# Analyzing how millennial women spend money via Refinery29
**Objective**   
Analyze how millennial women spend their time and money using NLP. Build a recommender that takes in user input and selects 3 Refinery29 Money Diaries that are similar to the user.  

**Data**   
This data was scraped from the [Refinery29 Money Diaries](https://refinery29.com/en-us/money-diary) from January 18, 2019-June 3, 2020.


**Load packages**

In [5]:
import pickle
import re
import string
import operator

import pandas as pd
import numpy as np

from collections import OrderedDict

import nltk
from nltk.tokenize import word_tokenize
from nltk import word_tokenize, pos_tag

from sklearn.feature_extraction import text 
from sklearn.feature_extraction.text import CountVectorizer
from sklearn.decomposition import TruncatedSVD
from sklearn.decomposition import NMF
from sklearn.metrics.pairwise import cosine_similarity

from gensim import matutils, models

import scipy.sparse

import matplotlib.pyplot as plt
%matplotlib inline

## **Load in data**

In [7]:
# Load in pickled dataframes
clustered_diarist_df = pickle.load(open("clustered_data_scaled.pkl","rb"))
text_df = pickle.load(open("text_df.pkl","rb"))

In [8]:
# Merge dataframes to append clusters to text
updated_text_df = pd.merge(clustered_diarist_df, text_df, left_on='story_title', right_on='story_title')

In [9]:
# Drop unnecessary columns from new dataframe
updated_text_df.drop(columns=['occupation', 'age', 'salary', 'nomad', 'international', 'high_cost_of_living_area'], inplace=True)

## **Clean text data**

In [10]:
# Convert the diary text column from a list to a string
updated_text_df['diary_text_string'] = [', '.join(map(str, l)) for l in updated_text_df['diary_text']]

In [11]:
# Drop the diary_text as list column
del updated_text_df['diary_text']

In [12]:
# Apply a first round of text cleaning techniques
def clean_text_round1(text):
    '''Make text lowercase, remove text in square brackets, remove punctuation, remove words 
    containing numbers, remove additional punctuation and other non-sensical text.'''
    text = text.lower()
    text = re.sub('\[.*?\]', '', text)
    text = re.sub('[%s]' % re.escape(string.punctuation), '', text)
    text = re.sub(' — ',' ', text)      #attempts to remove hyphen
    text = re.sub('\w*\d\w*', '', text)   #removes numbers
    text = re.sub('[‘’“”…]', '', text)
    text = re.sub('\n', '', text)
    text = re.sub('^', '', text)
    return text

round1 = lambda x: clean_text_round1(x)

In [13]:
updated_text_df.diary_text_string = updated_text_df.diary_text_string.apply(round1)
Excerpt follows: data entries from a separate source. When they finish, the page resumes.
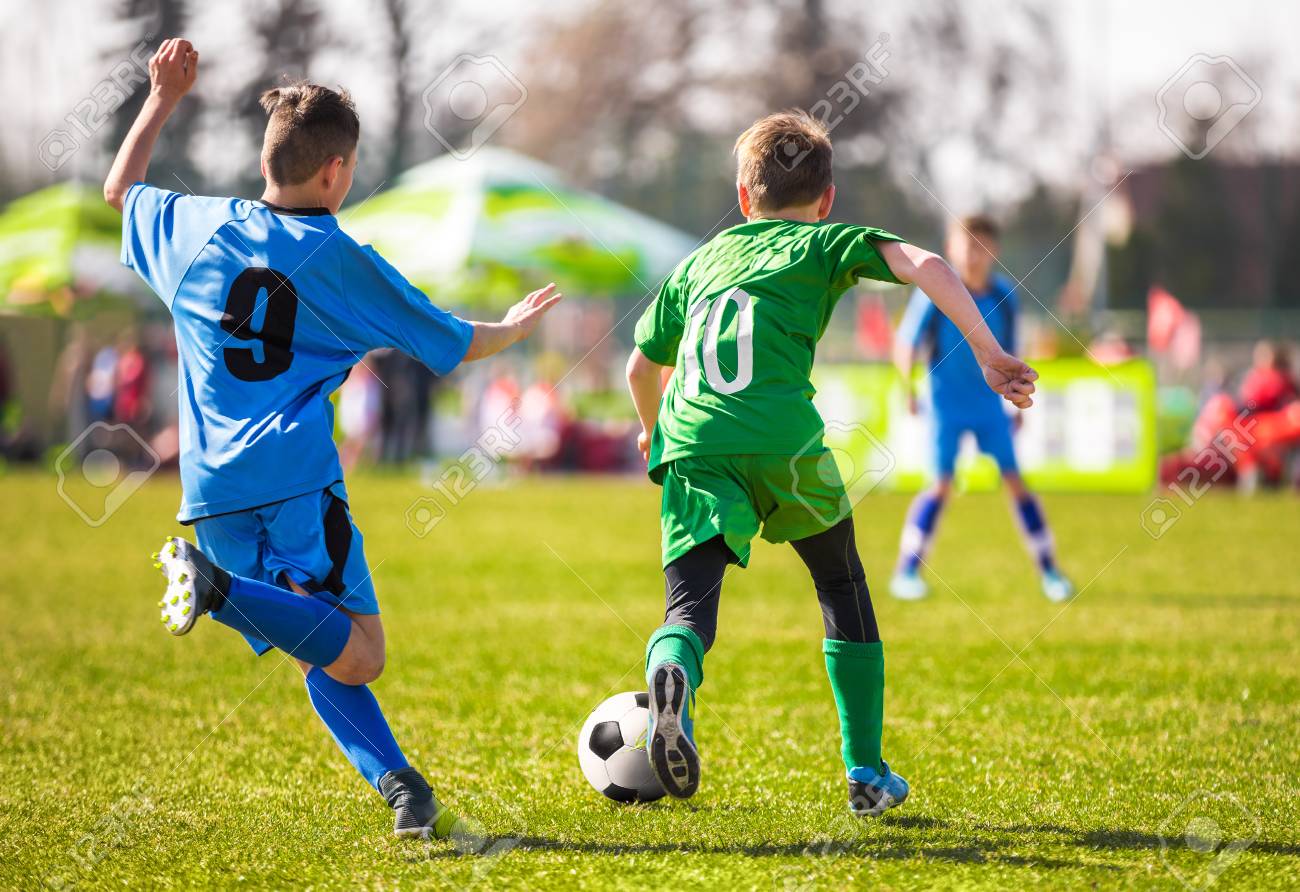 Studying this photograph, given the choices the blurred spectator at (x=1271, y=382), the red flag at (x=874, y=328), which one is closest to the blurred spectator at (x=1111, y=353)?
the blurred spectator at (x=1271, y=382)

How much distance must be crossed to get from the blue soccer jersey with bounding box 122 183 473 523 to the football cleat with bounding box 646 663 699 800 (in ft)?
3.02

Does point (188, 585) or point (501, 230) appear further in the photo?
point (501, 230)

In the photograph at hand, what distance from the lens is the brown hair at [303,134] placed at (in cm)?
345

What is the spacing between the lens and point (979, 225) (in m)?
8.45

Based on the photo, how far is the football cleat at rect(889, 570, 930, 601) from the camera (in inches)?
334

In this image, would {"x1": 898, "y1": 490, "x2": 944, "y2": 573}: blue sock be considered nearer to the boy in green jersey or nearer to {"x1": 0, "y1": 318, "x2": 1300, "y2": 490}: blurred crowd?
the boy in green jersey

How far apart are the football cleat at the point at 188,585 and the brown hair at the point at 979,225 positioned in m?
6.09

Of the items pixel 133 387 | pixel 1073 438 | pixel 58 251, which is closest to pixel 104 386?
pixel 133 387

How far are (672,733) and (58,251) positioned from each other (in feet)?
53.6

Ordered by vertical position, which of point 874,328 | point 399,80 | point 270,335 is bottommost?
point 874,328

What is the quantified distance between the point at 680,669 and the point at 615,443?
61.1 feet

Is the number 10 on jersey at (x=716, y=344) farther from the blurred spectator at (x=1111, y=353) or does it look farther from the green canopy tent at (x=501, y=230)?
the blurred spectator at (x=1111, y=353)

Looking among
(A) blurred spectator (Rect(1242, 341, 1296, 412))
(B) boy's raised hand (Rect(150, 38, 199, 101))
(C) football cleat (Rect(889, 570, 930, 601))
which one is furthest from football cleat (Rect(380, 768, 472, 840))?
(A) blurred spectator (Rect(1242, 341, 1296, 412))

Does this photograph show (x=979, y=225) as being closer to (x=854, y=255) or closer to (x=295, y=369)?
(x=854, y=255)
## **Create separate dataframes for each cluster**

In [14]:
# Cluster 0: Late 20s, average earners
cluster_0 = updated_text_df[updated_text_df['Cluster'] == 0]

# Drop the cluster column
del cluster_0['Cluster']

In [15]:
# Cluster 1: Late 30's, average earners
cluster_1 = updated_text_df[updated_text_df['Cluster'] == 1]

# Drop the cluster column
del cluster_1['Cluster']

In [16]:
# Cluster 2: early 20s, average starting salary 
cluster_2 = updated_text_df[updated_text_df['Cluster'] == 2]

# Drop the cluster column
del cluster_2['Cluster']

In [17]:
# Cluster 3: Mid-30s high earners 
cluster_3 = updated_text_df[updated_text_df['Cluster'] == 3]

# Drop the cluster column
del cluster_3['Cluster']

In [18]:
# Cluster 4: Late 20s, high earners
cluster_4 = updated_text_df[updated_text_df['Cluster'] == 4]

# Drop the cluster column
del cluster_4['Cluster']

## **Create helper functions to evaluate models**

In [19]:
def display_topics(model, feature_names, no_top_words, topic_names=None):
    "Given a model, return the top words for each topic"
    for ix, topic in enumerate(model.components_):
        if not topic_names or not topic_names[ix]:
            print("\nTopic ", ix)
        else:
            print("\nTopic: '",topic_names[ix],"'")
        print(", ".join([feature_names[i]
                        for i in topic.argsort()[:-no_top_words - 1:-1]]))

In [20]:
def nouns(text):
    '''Given a string of text, tokenize the text and pull out only the nouns.'''
    is_noun = lambda pos: pos[:2] == 'NN'
    tokenized = word_tokenize(text)
    all_nouns = [word for (word, pos) in pos_tag(tokenized) if is_noun(pos)] 
    return ' '.join(all_nouns)

In [21]:
# Updated list of stop words
additional_stop_words = ['pm', 'im', 'day', 'week', 'total', 'daily', 'like', 'today', 'dont', 'just', 'women',
                        'way', 'really', 'ive', 'diaries', 'got', 'gets', 'ill', 'things', 'bit', 'sevenday',
                        'hes', 'let', 'shes', 'lot', 'little', 'decide', 'ready', 'feel', 'goes', 'stop',
                        'finally', 'welcome', 'money', 'diaries', 'period', 'job', 'share', 'today', 'millennials',
                        'occupation', 'paycheck', 'diaries', 'taboo', 'dollar','period', 'year', 'month', 'worth',
                         'rent', 'bonus', 'expenses', 'today', 'mortgage', 'debt', 'expensesmortgage', 'industry',
                        'expensesrent', 'salary', 'savings', 'insurance', 'loan', 'loans', 'income', 'student',
                        'dollartoday', 'cash', 'room', 'account', 'woman', 'living','house', 'housing','mortgagepaycheck',
                        'half','split', 'apartment', 'totaldebt', 'checksavingscd', 'stuff', 'hour', 'hours',
                        'people', 'place', 'years', 'minutes', 'tomorrow', 'couple', 'head', 'meeting']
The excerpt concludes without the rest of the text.